PROVIDED ENTRIES:
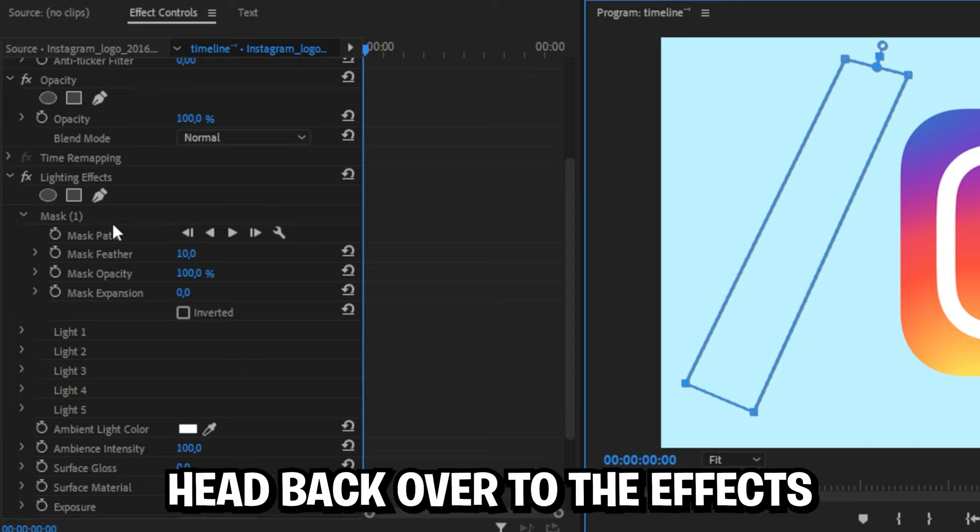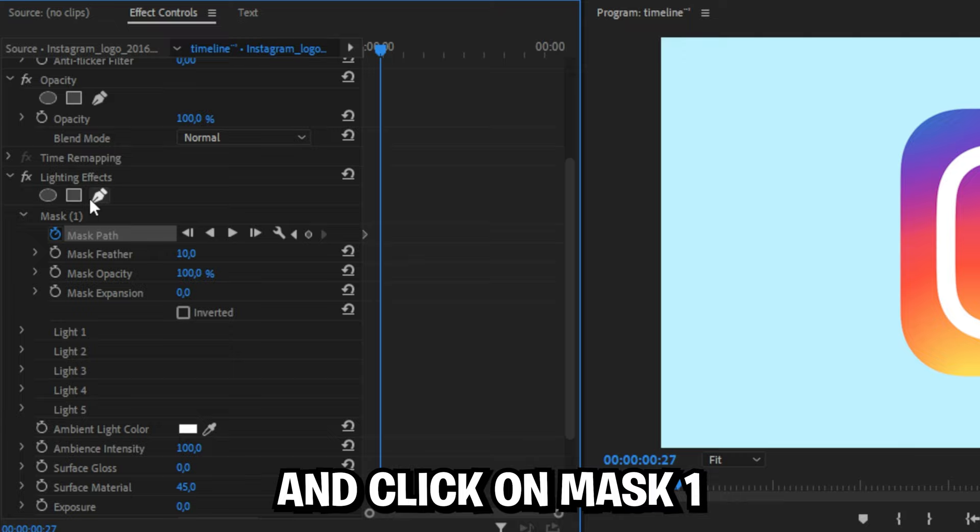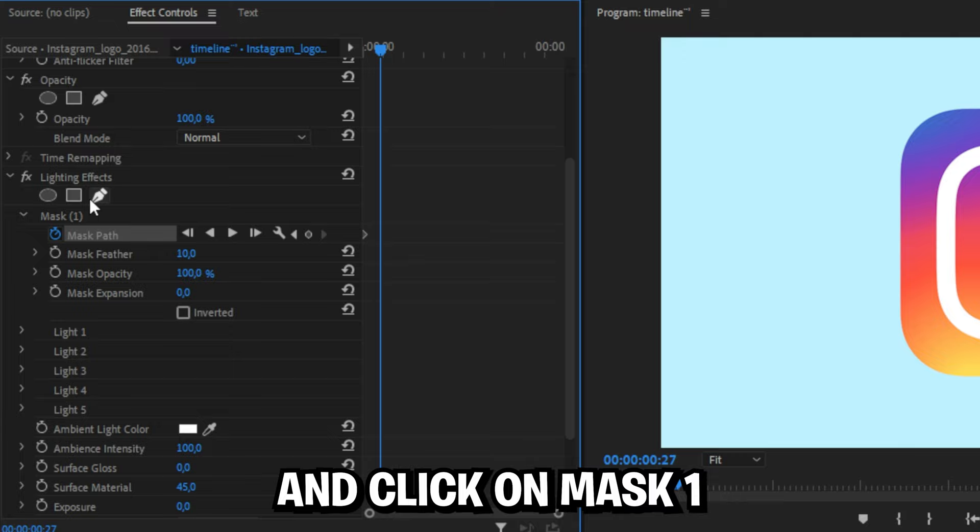Move the playhead where you want the effects to be finished and click on mask 1 to reveal the mask. Now go back to the preview window and drag the mask over the shape to the other side. You can also play around with the face control settings to get a different look.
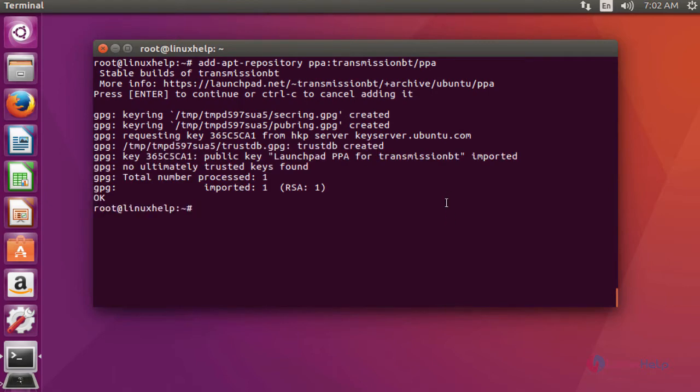Next step, update the machine by typing apt-get update. Press Enter.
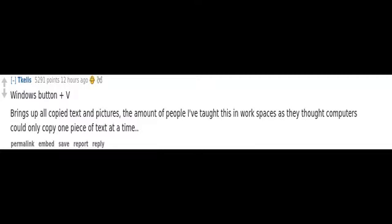Control plus backspace deletes the whole word in one go instead of having to press backspace multiple times.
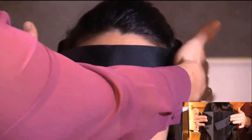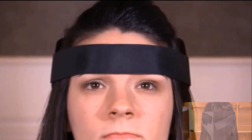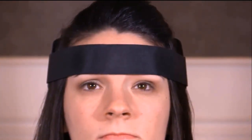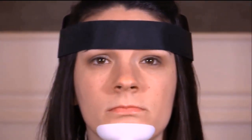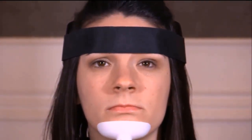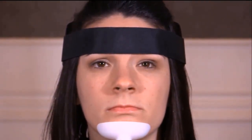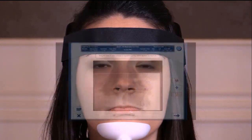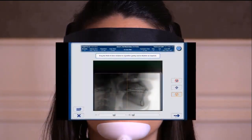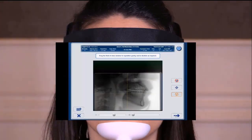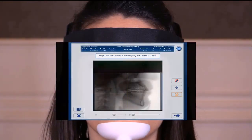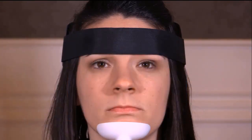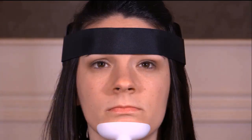Now we want to take a preview image — a scout — to make sure that our patient's position is good, as well as that we have all the anatomy that we're trying to acquire in the image. So we're going to go ahead and take a scout view. Our patient's scout view looked great.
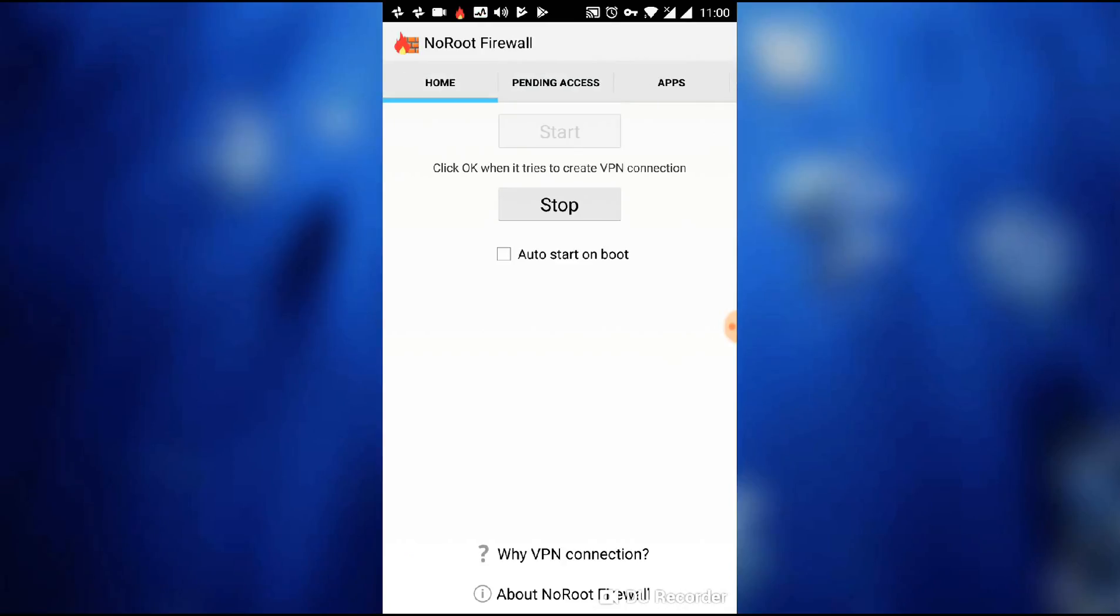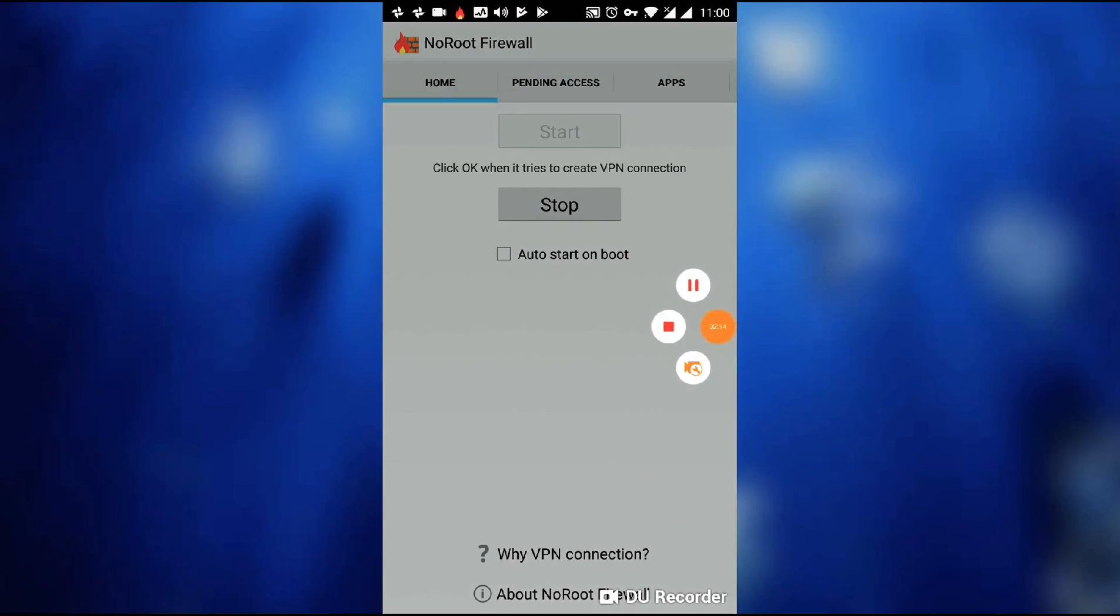And if you don't need it, you can easily stop, or you can also start it on boot by pressing the tick mark. So that's it guys, thank you.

PROBLEM DETAILS: Could you output all of the records exactly, without their pictures?

EXERCISE SOLUTION:
Move the playhead where you want the effects to be finished and click on mask 1 to reveal the mask. Now go back to the preview window and drag the mask over the shape to the other side. You can also play around with the face control settings to get a different look.
Next step, update the machine by typing apt-get update. Press Enter.
Control plus backspace deletes the whole word in one go instead of having to press backspace multiple times.
Now we want to take a preview image — a scout — to make sure that our patient's position is good, as well as that we have all the anatomy that we're trying to acquire in the image. So we're going to go ahead and take a scout view. Our patient's scout view looked great.
And if you don't need it, you can easily stop, or you can also start it on boot by pressing the tick mark. So that's it guys, thank you.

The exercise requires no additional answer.